### WHAT YOU NEED TO DO
Your copy should start at the line with "Coffret, maquillage et" and end at the line with "Super cute Sorel" in the data below. Transcribe only those lines, exactly, pictures excluded.

### INPUT MATERIAL
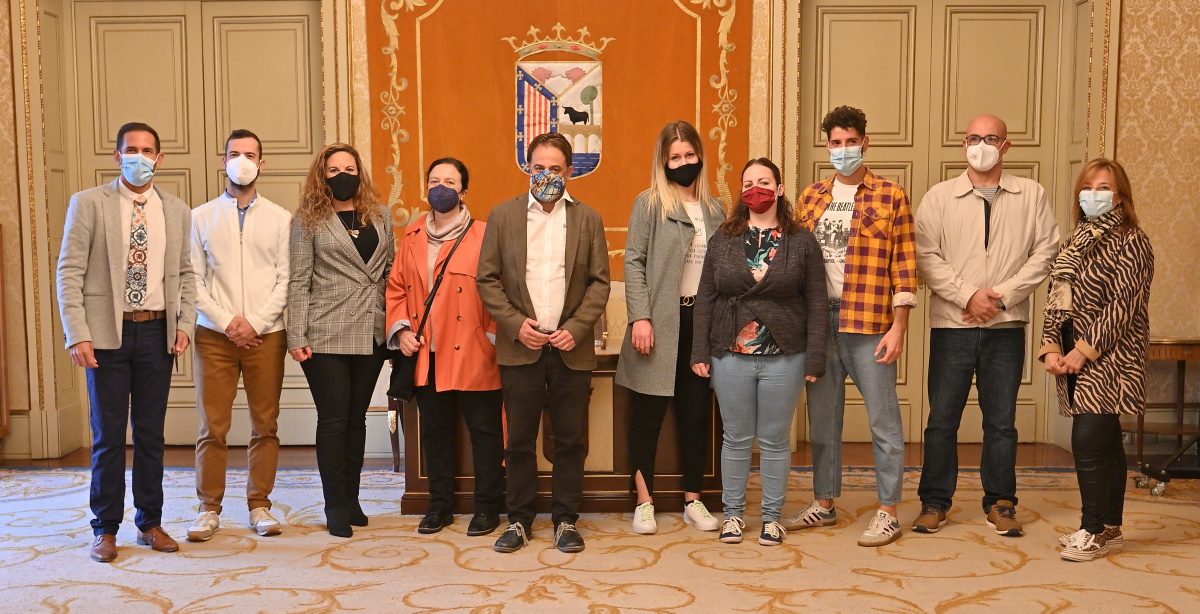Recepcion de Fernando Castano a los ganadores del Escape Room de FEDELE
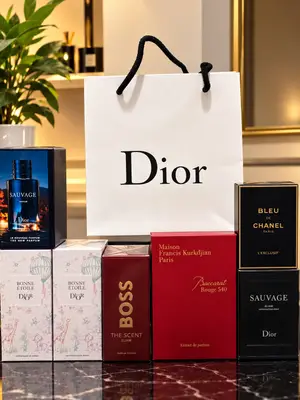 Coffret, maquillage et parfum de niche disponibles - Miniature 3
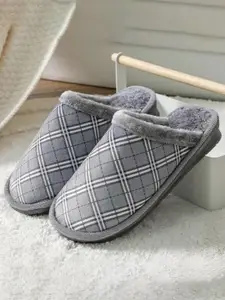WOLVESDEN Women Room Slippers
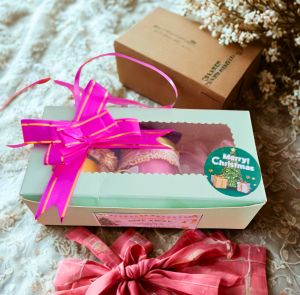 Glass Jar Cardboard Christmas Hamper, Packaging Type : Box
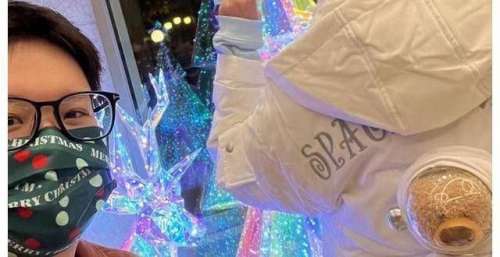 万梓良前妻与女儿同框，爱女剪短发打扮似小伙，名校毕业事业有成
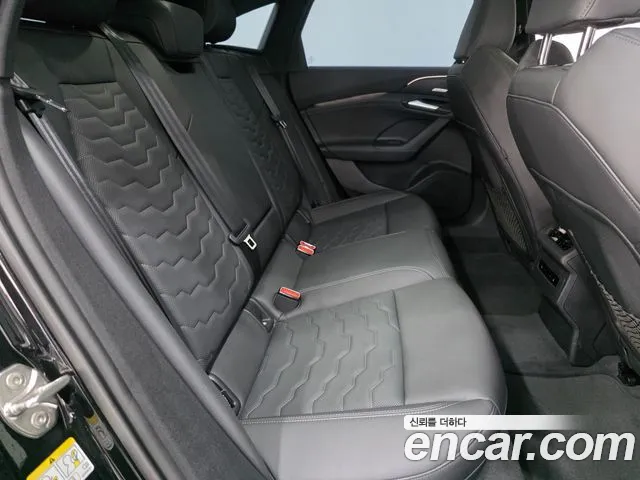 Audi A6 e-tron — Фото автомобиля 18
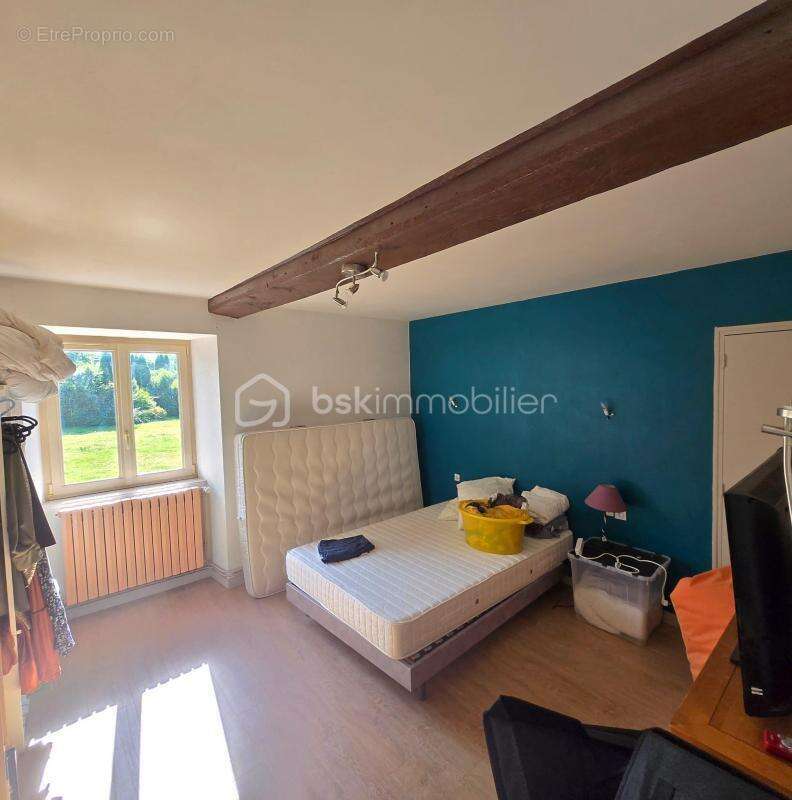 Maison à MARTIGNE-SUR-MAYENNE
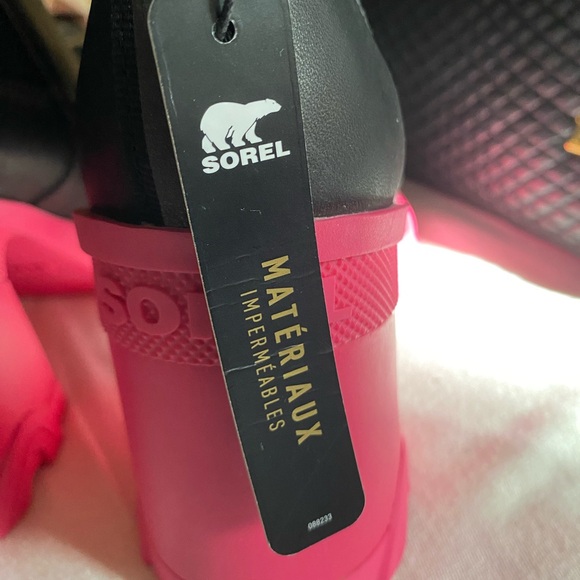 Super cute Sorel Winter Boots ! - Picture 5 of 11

---

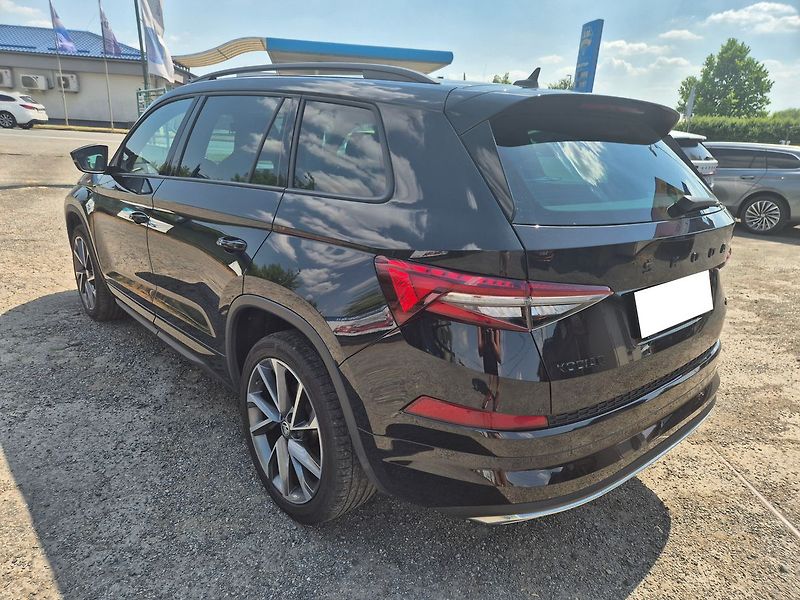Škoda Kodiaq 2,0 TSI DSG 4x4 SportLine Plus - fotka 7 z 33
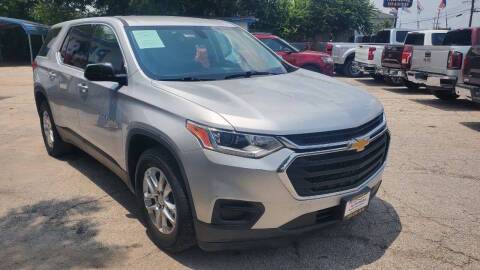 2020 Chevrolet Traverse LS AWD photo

### ANSWER TO THIS PROBLEM
 Coffret, maquillage et parfum de niche disponibles - Miniature 3
WOLVESDEN Women Room Slippers
 Glass Jar Cardboard Christmas Hamper, Packaging Type : Box
 万梓良前妻与女儿同框，爱女剪短发打扮似小伙，名校毕业事业有成
 Audi A6 e-tron — Фото автомобиля 18
 Maison à MARTIGNE-SUR-MAYENNE
 Super cute Sorel Winter Boots ! - Picture 5 of 11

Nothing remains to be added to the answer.